The problem is that Mayweather wants Pacquiao to submit to the same Olympic-style drug testing that Mosley and Mayweather underwent for their fight. Mosley said on fight week he had given eight urine tests and four blood samples supervised by the U.S. Anti-Doping Agency (USADA). Pacquiao earlier refused, saying he was uncomfortable giving blood close to a fight, and a mediation failed to strike a deal. So talks to stage Mayweather-Pacquiao in March crashed.
Can they get a deal done now?
In the ring afterward, Mayweather said, “If [Pacquiao] wants to fight, he knows where to find me. If Manny takes the test, we can make the fight. If he doesn’t, we don’t have a fight.”
De La Hoya added that the drug testing brought “respect to the sport.” Mayweather said he was proud to declare, “I’m clean, I don’t have to take nothing.”
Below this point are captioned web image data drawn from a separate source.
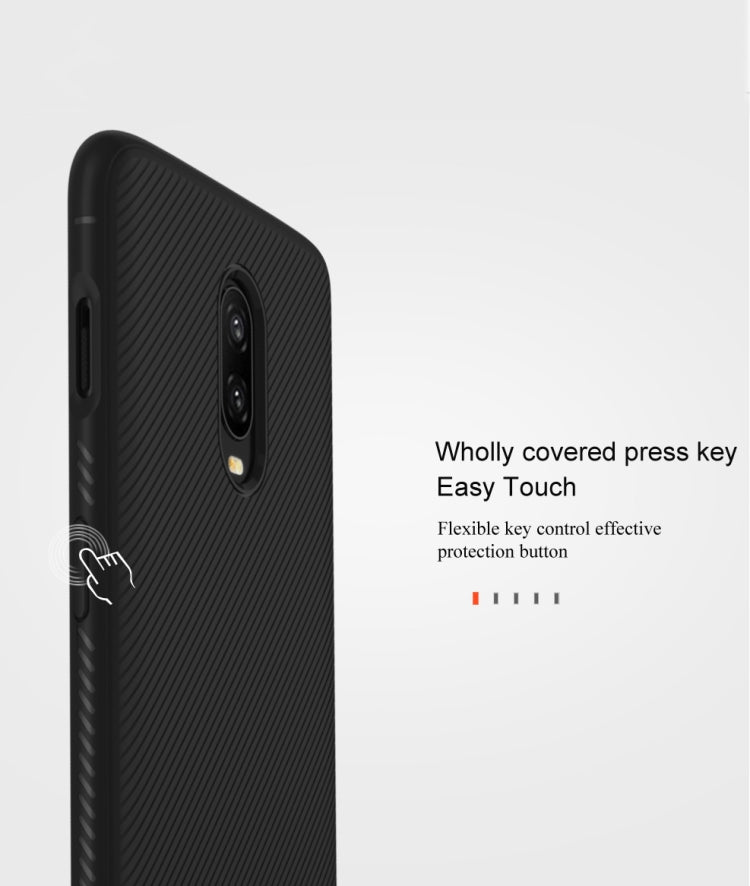 lenuo Leshen Series Stripe Texture TPU Case for OnePlus 6T(Red)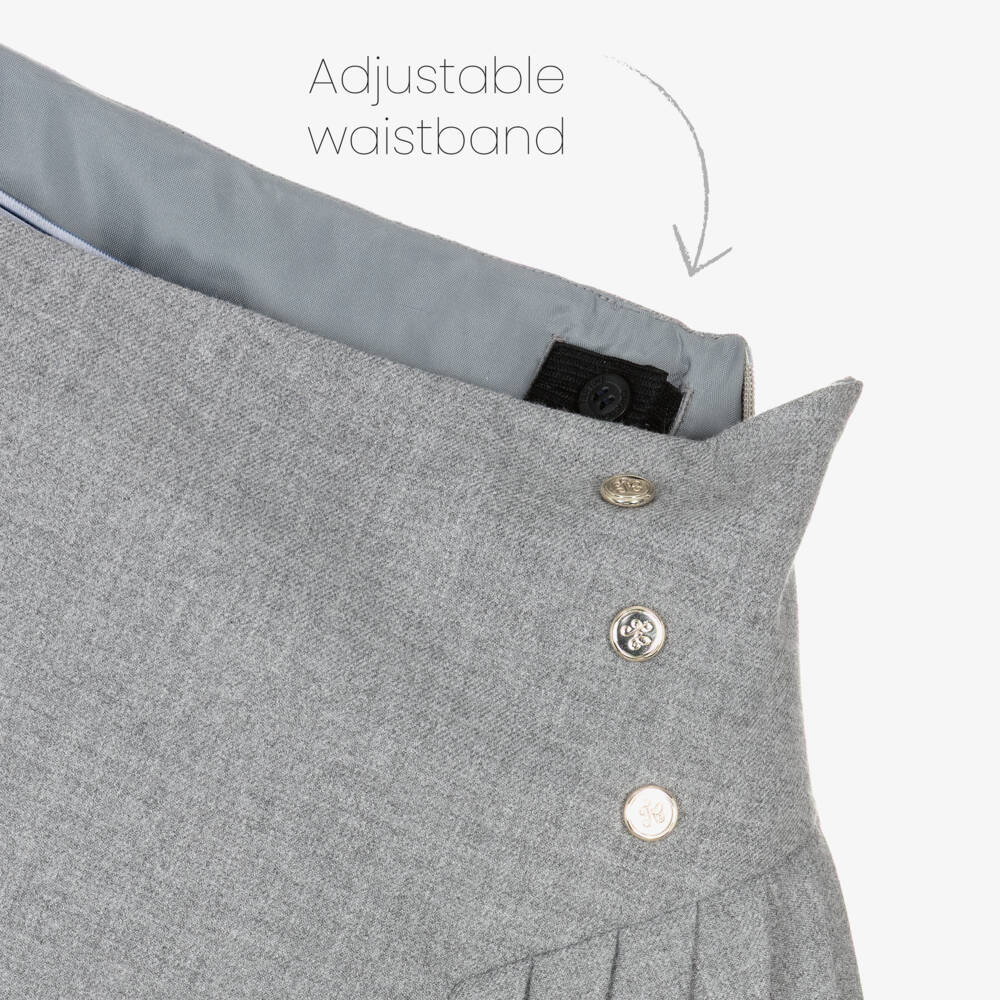 Tartine et Chocolat-Girls Grey Pleated Skirt | Childrensalon Outlet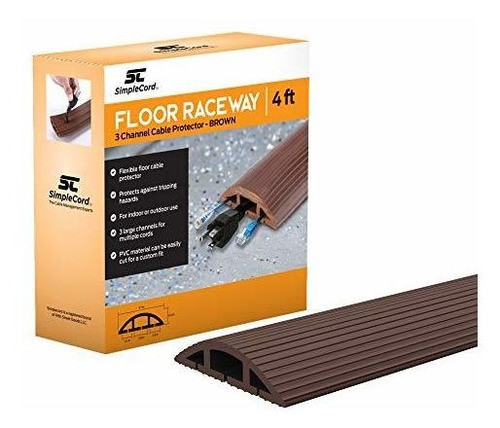 Cable Simple Cubierta De Cable De Piso Marron - Protector De 0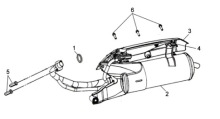 Подбор запчастей Глушитель Кузов/Электрика Symphony SR-50 (AZ05W1-T) Symphony SR-50 SYM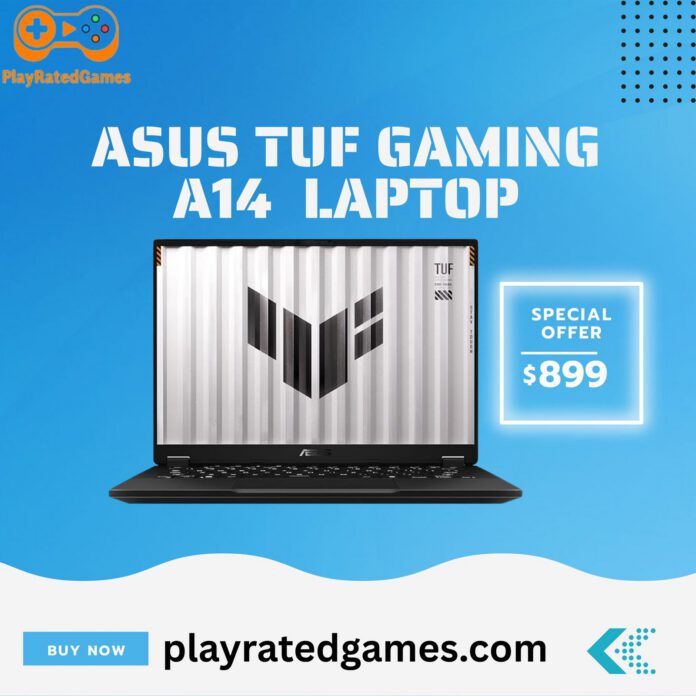 ASUS TUF Gaming A14 Copilot+ PC Gaming Laptop in Jaeger Gray with 14-inch 165Hz display and RTX 4050 GPU.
Pacquiao’s resistance would appear questionable now, especially with the Nevada State Athletic Commission moving to explore the work of the USADA in the Mayweather-Mosley fight and possibly install blood tests as part of the state commission’s anti-doping program before a possible fall super fight.
Arum has maintained there’s more money to be made by placing a Mayweather-Pacquiao bout at the 100,000-plus-seat Cowboys Stadium in Texas, where blood testing is nonexistent, rather than at the 15,000-seat MGM Grand in Las Vegas. But Mayweather was clearly calling the shots the first time around, and he’s more empowered by the Mosley triumph. His co-promoters at Golden Boy unquestionably prefer the fight to be in Las Vegas.
Talks to make Mayweather-Pacquiao are expected to begin immediately, but key figures such as HBO President Ross Greenburg say those discussions would be best served by remaining private.
“Everything should be handled quietly,” Greenburg said.
Mayweather said he anticipated a fight with Pacquiao and repeated that, as on Saturday, “I got the will to win under the lights. I want to give fans a pleasing fight. ÃÂ I want to fight Pacquiao because that’s the fight fans want to see. But we need everyone to be on an even playing field.”
Of course, on the heels of Saturday’s dominance, only an opponent like Pacquiao would be worthy.
“I’ll go home, reevaluate a few things,” Mayweather said. “We don’t know who we’ll be fighting, Pacquiao or who?”
Pomona’s Mosley, meanwhile, may be headed to retirement. The five-time world champion said after the loss that he’d “go back to the drawing board, take a vacation and relax.”